I recall one of the great comebacks in elementary school being "I can do what I want, it's a free country." It was always a solid choice, given the breadth of knowledge of constitutional law possessed by the typical 8 year-old.
I raise this because there was a regrettable incident at the UVA-Miami basketball game Saturday night.
Up in the cheap seats, a Miami fan came to the game looking for trouble, and wound up leaving the arena in handcuffs before halftime. The bulk of his offense was jawing at Virginia fans, and using foul language, although we overheard the arrest was for drunk in public. The Miami fans that accompanied him spent the remainder of the game commenting about how it was hypocritical for UVA not to grant their friend freedom of speech, especially in light of the fact that UVA was founded by Thomas Jefferson. I guess it would not matter if I pointed out that Jefferson was not a signer of the Constitution. That's beside the point.
Like the "it's a free country" retort, invoking the First Amendment at sporting events to defend your imaginary right to act like a jackass is suitable for anyone under the age of 14 -- people who don't know better.
Let's be clear on what protection is NOT in the Constitution. You do have the right to speak your mind. You DO NOT have the right to an audience or venue of your choosing. Remember this, and it will prevent you from improperly invoking the First Amendment when it doesn't actually apply.
Beyond this, the actions of this particular fan begs a discussion on fan etiquette when on another team's turf. When in another team's venue, act like you're a guest in a stranger's house. Cheer on your team, but don't taunt the hosts. Use your sense of humor if you have a good one. Complement a few of the home team's players to any opposing fans nearby. You'll be surprised how much more pleasant the experience can be when you're not getting death stares from everyone around you. Don't get into obscenity laden arguments one section away from the elementary school choir that sang the National Anthem. Stuff like that. It's a game, people, not a war.

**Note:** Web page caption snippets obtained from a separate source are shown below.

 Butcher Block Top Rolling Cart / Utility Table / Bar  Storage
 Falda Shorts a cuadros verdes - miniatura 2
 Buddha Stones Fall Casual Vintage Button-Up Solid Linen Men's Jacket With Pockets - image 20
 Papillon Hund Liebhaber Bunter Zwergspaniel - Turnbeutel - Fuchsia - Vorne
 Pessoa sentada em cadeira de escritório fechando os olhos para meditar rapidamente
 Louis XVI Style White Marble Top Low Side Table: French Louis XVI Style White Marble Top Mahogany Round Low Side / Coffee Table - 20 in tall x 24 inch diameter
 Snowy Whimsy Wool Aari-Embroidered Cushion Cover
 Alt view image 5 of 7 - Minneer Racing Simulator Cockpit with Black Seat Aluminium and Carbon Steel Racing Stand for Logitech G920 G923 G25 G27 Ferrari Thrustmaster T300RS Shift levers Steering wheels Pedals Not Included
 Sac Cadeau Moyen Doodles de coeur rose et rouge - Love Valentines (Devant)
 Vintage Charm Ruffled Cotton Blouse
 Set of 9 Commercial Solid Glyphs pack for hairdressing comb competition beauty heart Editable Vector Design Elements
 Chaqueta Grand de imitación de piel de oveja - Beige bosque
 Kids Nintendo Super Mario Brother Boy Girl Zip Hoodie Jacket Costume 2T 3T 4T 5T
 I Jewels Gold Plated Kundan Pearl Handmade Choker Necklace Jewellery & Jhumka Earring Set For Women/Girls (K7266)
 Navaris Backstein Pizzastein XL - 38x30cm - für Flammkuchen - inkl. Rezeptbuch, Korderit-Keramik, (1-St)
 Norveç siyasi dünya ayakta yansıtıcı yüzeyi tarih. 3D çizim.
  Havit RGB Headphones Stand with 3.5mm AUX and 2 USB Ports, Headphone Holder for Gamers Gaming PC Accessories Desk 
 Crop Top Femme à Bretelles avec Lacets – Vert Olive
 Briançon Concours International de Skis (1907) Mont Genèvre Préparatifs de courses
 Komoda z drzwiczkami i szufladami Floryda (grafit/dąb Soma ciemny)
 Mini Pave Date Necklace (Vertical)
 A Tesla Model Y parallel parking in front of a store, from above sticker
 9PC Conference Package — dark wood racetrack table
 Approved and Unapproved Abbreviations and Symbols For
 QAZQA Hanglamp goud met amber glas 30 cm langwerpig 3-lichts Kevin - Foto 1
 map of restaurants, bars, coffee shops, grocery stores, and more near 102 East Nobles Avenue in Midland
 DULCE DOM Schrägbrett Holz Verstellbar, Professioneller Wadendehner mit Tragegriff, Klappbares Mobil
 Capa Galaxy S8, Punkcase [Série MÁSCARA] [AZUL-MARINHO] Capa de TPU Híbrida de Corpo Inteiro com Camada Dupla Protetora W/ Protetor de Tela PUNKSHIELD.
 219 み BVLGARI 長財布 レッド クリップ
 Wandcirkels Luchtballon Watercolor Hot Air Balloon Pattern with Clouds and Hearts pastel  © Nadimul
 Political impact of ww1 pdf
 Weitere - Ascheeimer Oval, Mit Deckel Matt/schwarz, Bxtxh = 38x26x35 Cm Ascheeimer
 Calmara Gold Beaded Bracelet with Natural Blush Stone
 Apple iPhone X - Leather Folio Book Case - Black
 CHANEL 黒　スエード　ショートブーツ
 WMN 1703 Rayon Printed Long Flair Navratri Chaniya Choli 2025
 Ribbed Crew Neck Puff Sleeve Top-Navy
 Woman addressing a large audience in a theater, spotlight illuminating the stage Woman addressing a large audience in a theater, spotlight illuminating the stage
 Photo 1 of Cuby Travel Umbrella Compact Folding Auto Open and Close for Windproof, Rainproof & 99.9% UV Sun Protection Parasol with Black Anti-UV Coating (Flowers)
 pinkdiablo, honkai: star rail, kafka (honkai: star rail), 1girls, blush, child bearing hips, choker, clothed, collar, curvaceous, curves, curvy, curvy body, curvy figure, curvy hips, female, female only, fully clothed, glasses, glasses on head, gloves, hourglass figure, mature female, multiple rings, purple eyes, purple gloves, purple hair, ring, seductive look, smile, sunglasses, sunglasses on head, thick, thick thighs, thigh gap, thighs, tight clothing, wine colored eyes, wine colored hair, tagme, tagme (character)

Finally, let this serve as a warning for all future visitors to University of Virginia athletic events. The athletic department at Virginia is dedicated to creating a family atmosphere, and the event staff is damn serious about maintaining it. Cheer for your team, be polite, watch your language, and your chances of seeing the entire game will rise dramatically.
P.S. To head off a potential flame war, the fan that got arrested yelled "Let's go Hokies" at one point. I think that says it all.